• _Work task_
Leave out every picture and set down, exactly, the lines below from the one holding "Large bag of" up to and including the one holding "Amscan Wanddecoratie drieluik".

• _Given entries_

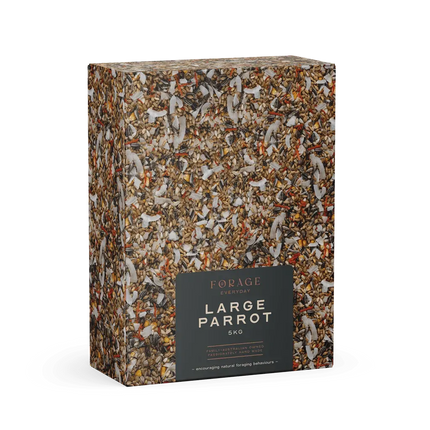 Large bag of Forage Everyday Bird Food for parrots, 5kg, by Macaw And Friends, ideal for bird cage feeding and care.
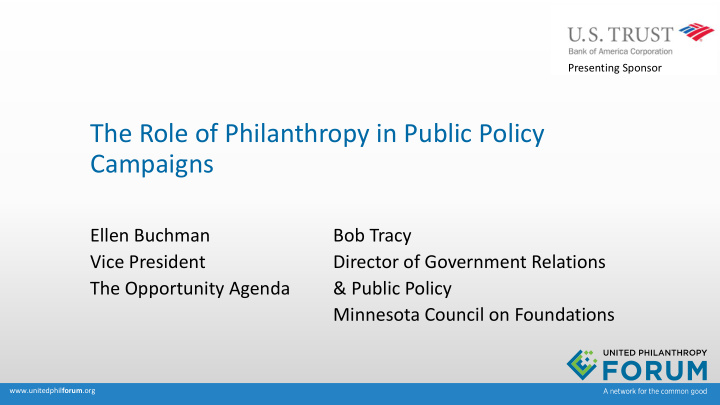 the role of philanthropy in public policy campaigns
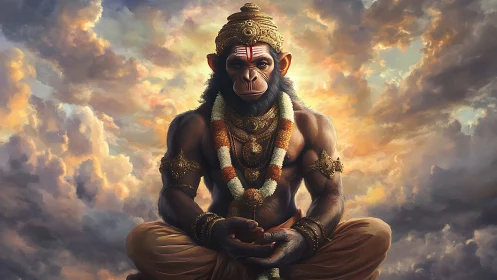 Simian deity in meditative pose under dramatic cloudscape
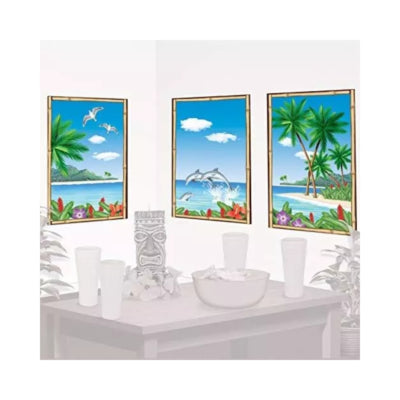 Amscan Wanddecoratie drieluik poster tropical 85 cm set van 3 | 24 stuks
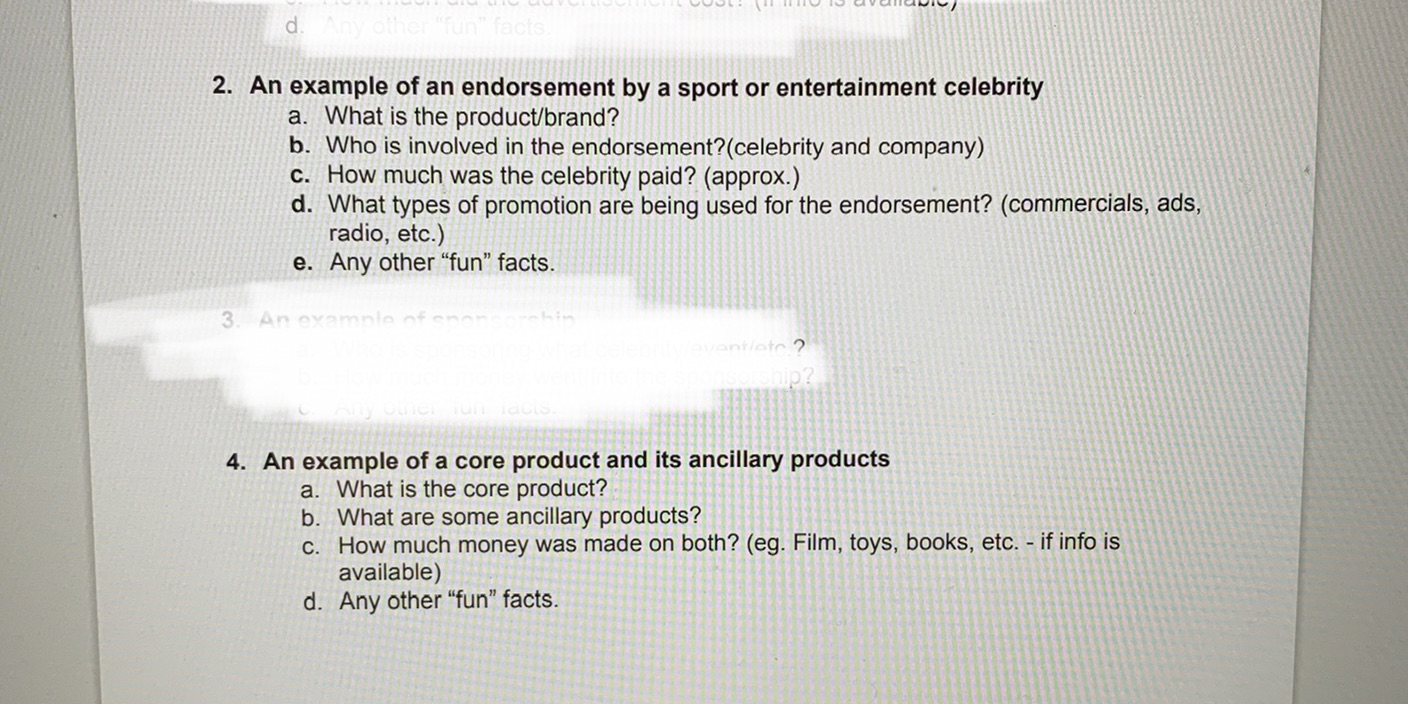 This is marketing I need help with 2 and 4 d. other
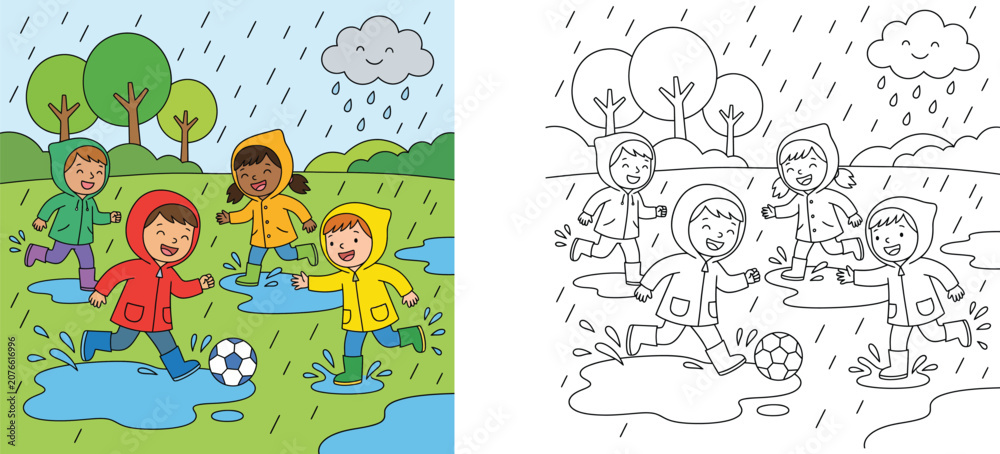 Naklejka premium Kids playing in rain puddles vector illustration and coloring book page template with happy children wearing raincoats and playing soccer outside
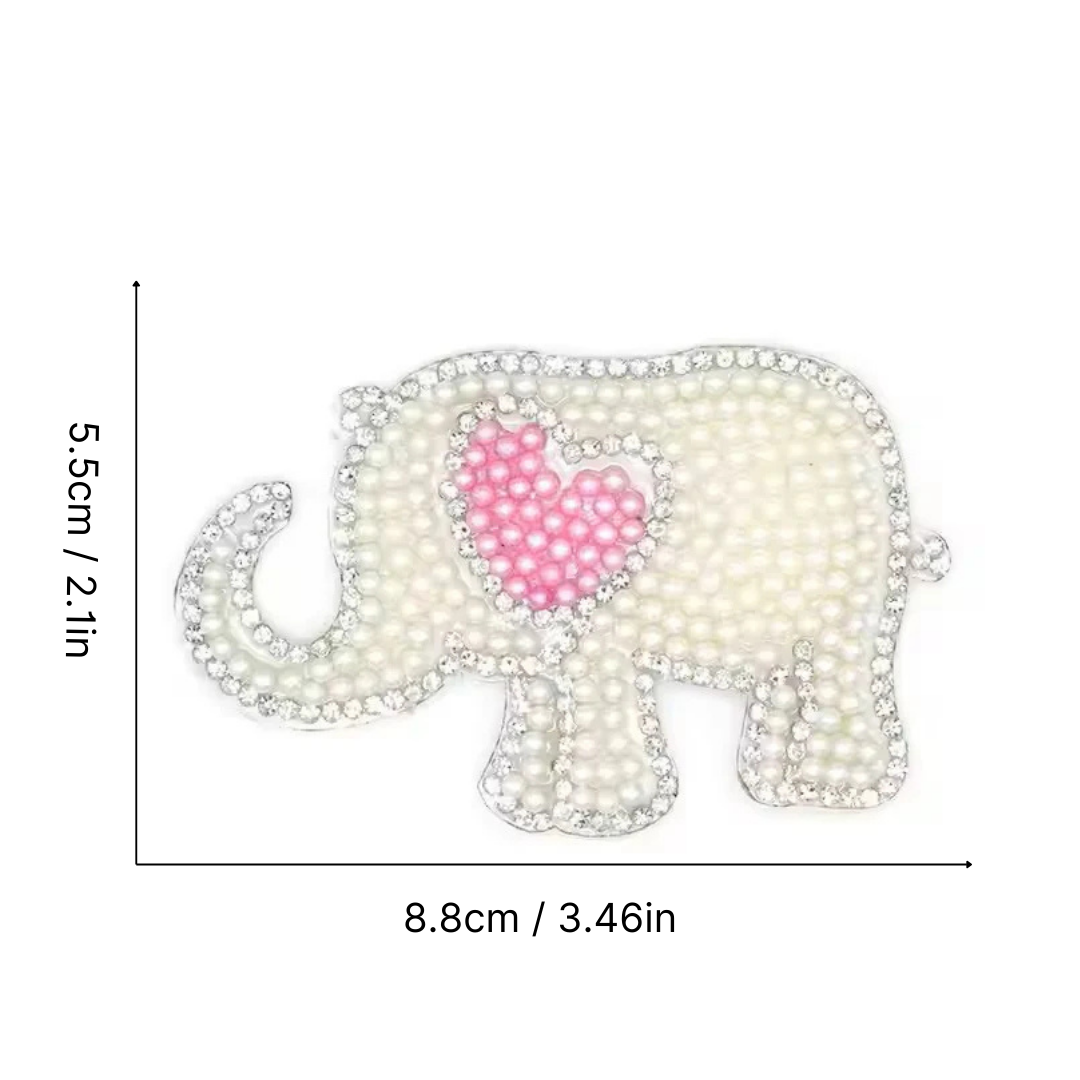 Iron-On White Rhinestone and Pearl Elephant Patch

--

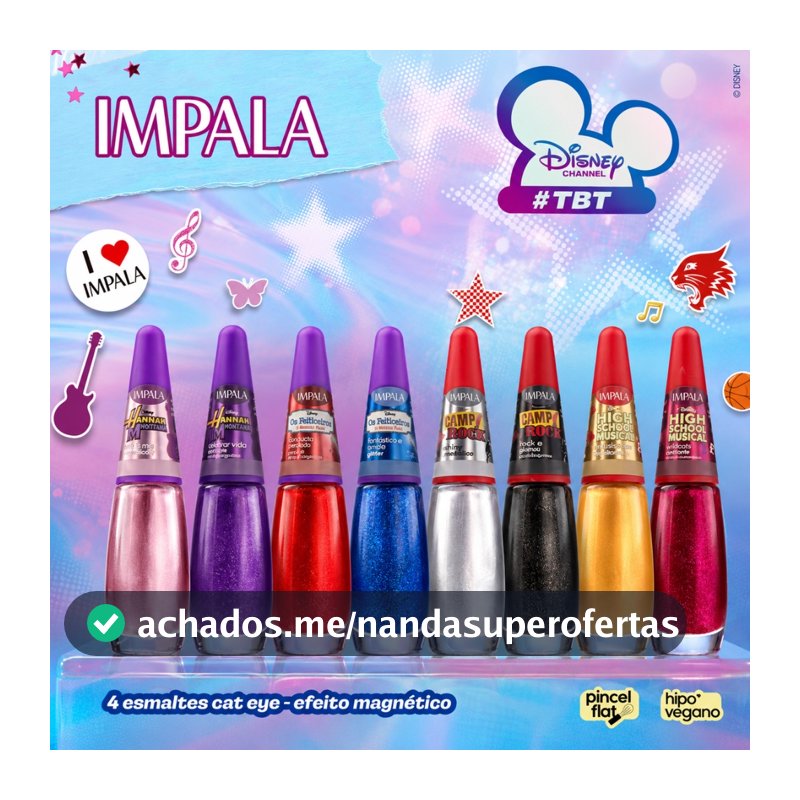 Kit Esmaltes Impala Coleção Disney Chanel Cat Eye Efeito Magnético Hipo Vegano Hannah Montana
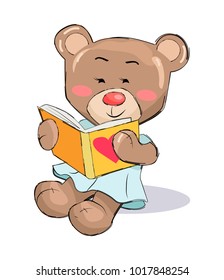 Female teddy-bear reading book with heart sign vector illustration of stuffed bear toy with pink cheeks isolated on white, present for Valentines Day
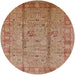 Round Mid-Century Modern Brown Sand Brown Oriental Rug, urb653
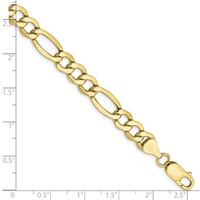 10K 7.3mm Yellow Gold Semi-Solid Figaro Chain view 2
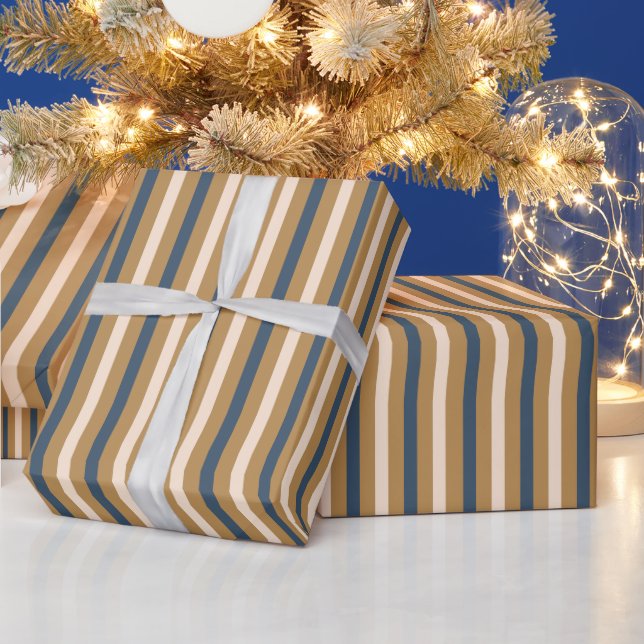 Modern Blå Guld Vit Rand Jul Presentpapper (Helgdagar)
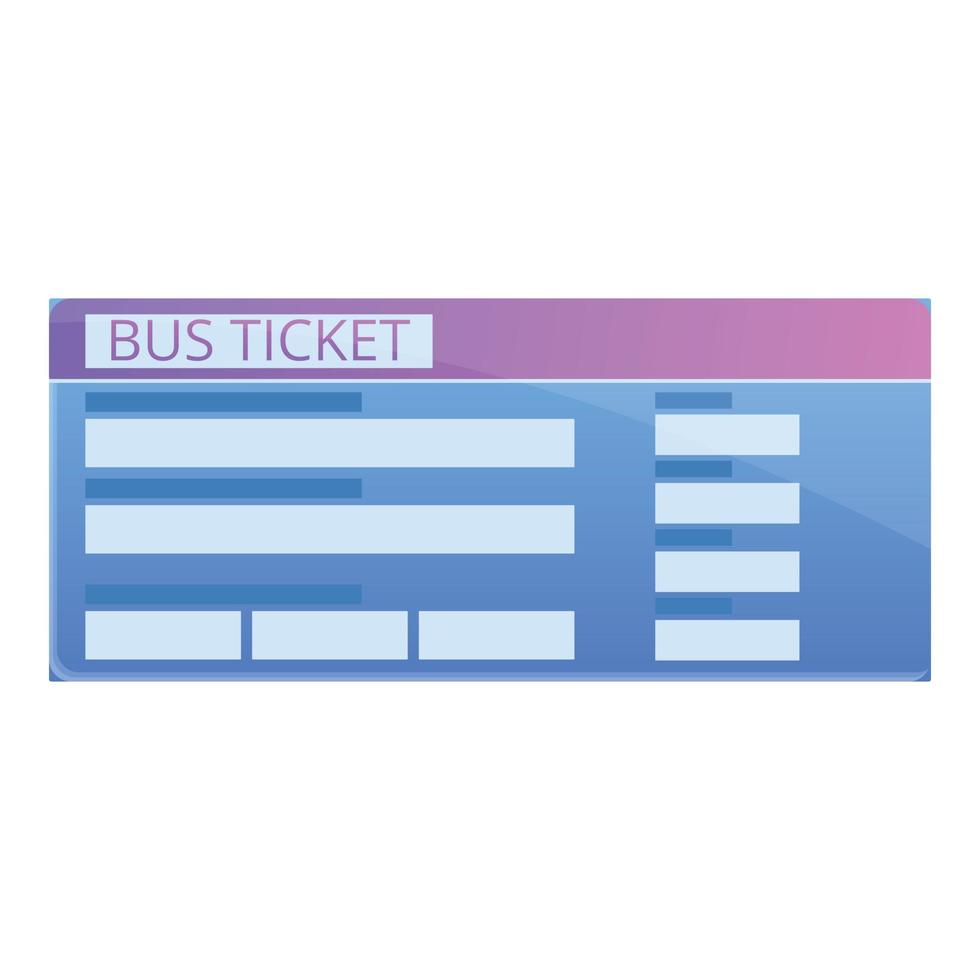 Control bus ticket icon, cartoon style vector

• _Answer below_
 Large bag of Forage Everyday Bird Food for parrots, 5kg, by Macaw And Friends, ideal for bird cage feeding and care.
 the role of philanthropy in public policy campaigns
 Simian deity in meditative pose under dramatic cloudscape
 Amscan Wanddecoratie drieluik poster tropical 85 cm set van 3 | 24 stuks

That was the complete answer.